* [WHAT THE TASK REQUIRES]: Starting with the line that includes "MOOVER - LINE", write out every remaining line of the records below exactly as it appears, leaving out any images.

Image-text web data:
□ □ □ □ □

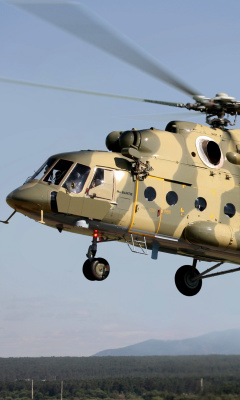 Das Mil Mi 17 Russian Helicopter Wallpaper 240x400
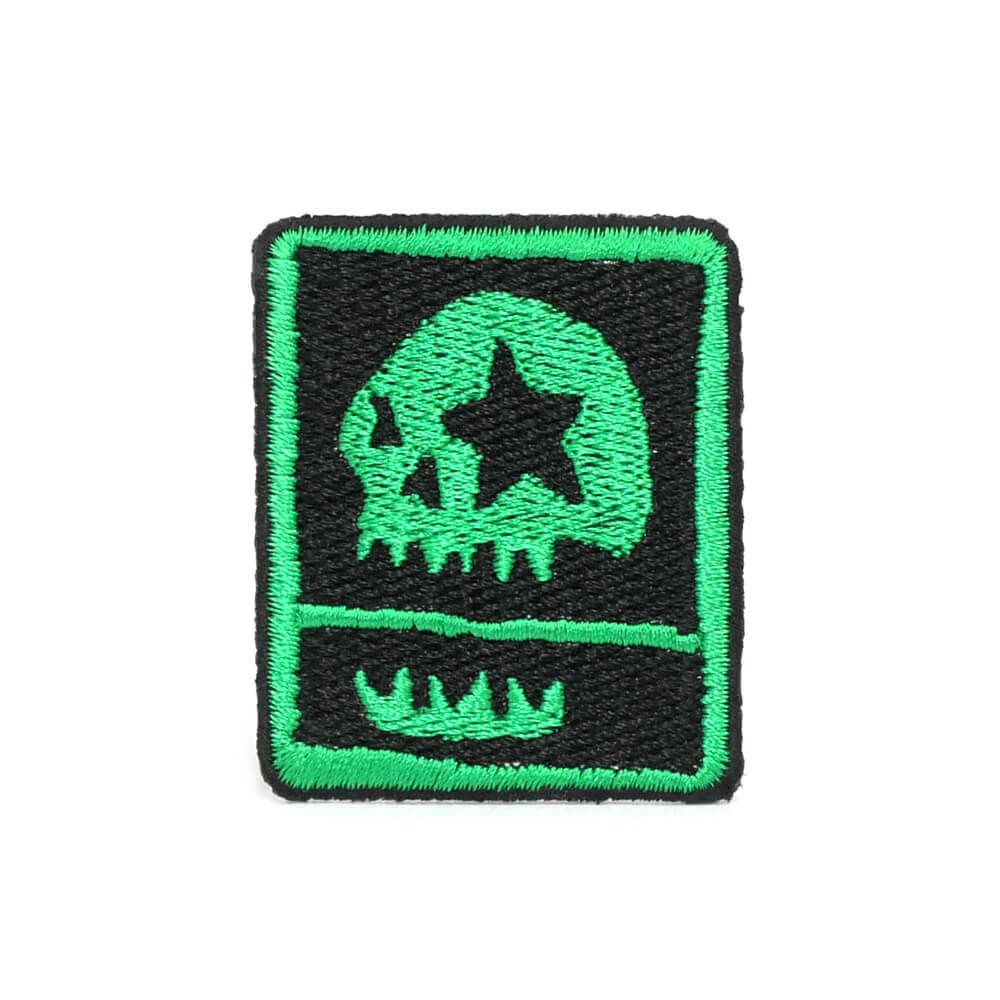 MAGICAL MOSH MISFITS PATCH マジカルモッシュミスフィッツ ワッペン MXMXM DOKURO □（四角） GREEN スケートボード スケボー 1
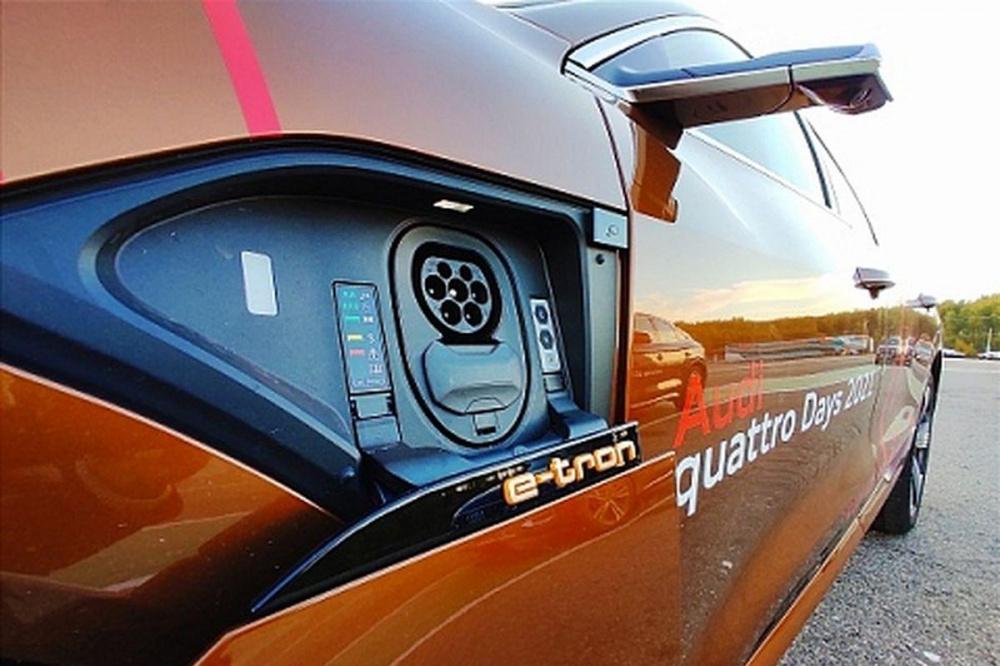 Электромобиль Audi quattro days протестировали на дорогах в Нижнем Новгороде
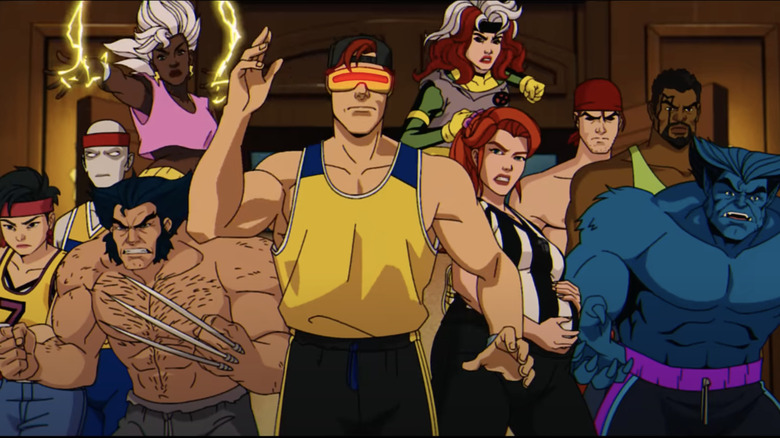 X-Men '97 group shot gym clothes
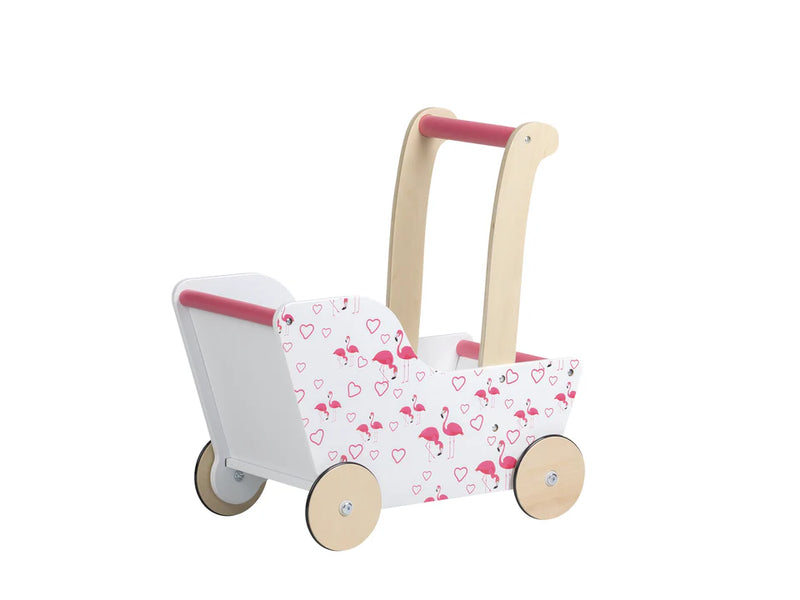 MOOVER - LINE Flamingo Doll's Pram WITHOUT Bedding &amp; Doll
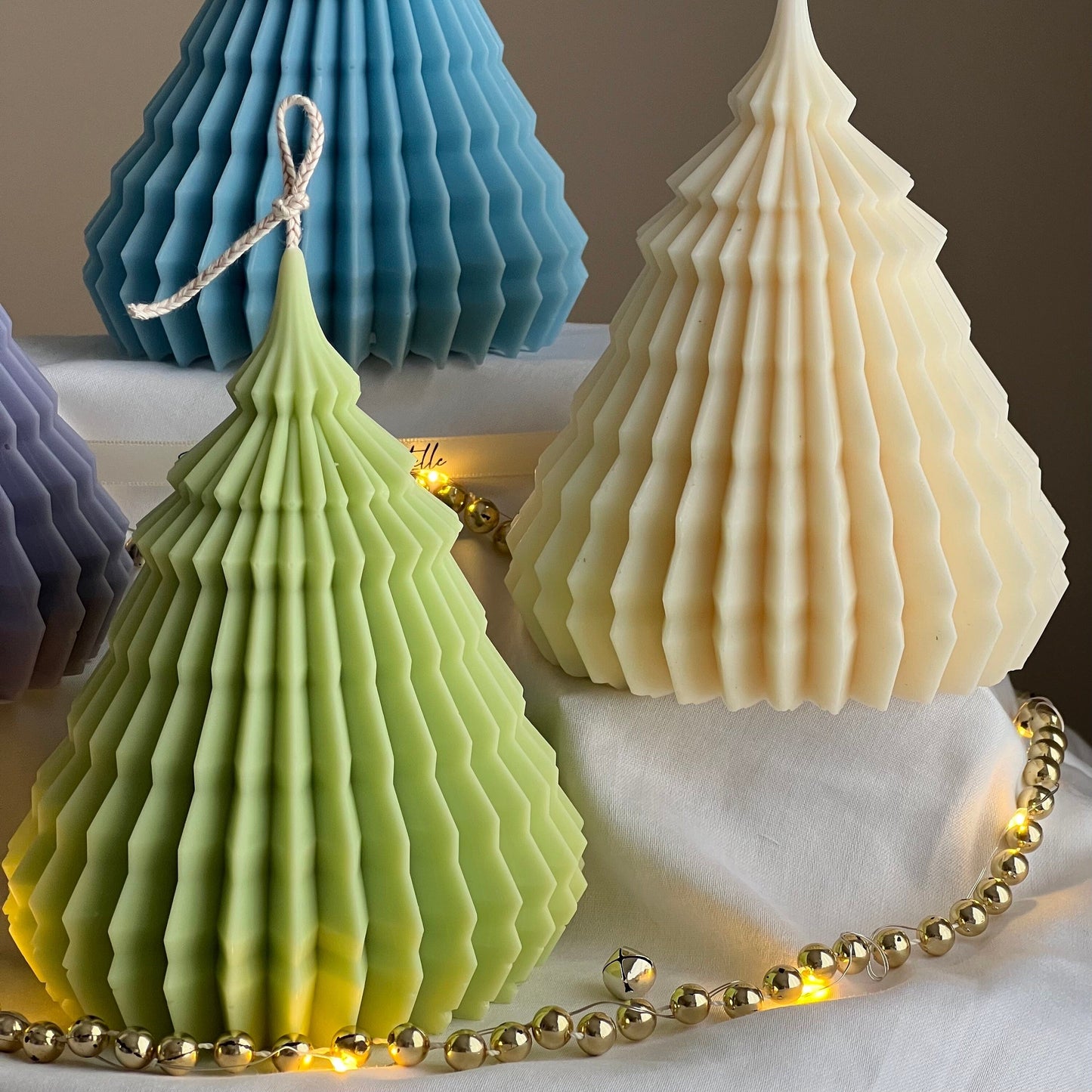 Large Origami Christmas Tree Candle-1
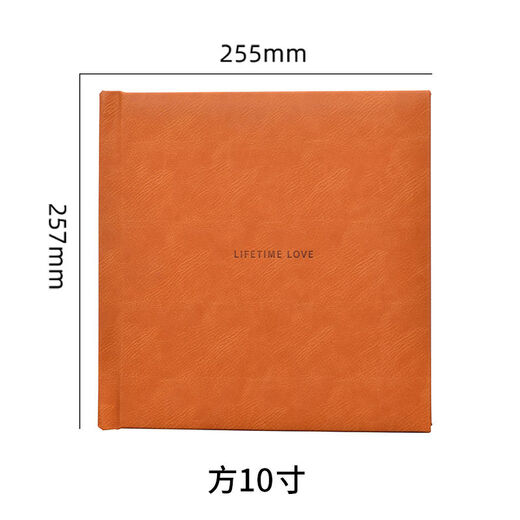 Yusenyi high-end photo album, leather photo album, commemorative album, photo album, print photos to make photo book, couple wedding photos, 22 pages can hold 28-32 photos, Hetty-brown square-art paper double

□ □ □ □ □

* [WORKED SOLUTION]:
 MOOVER - LINE Flamingo Doll's Pram WITHOUT Bedding &amp; Doll
 Large Origami Christmas Tree Candle-1
 Yusenyi high-end photo album, leather photo album, commemorative album, photo album, print photos to make photo book, couple wedding photos, 22 pages can hold 28-32 photos, Hetty-brown square-art paper double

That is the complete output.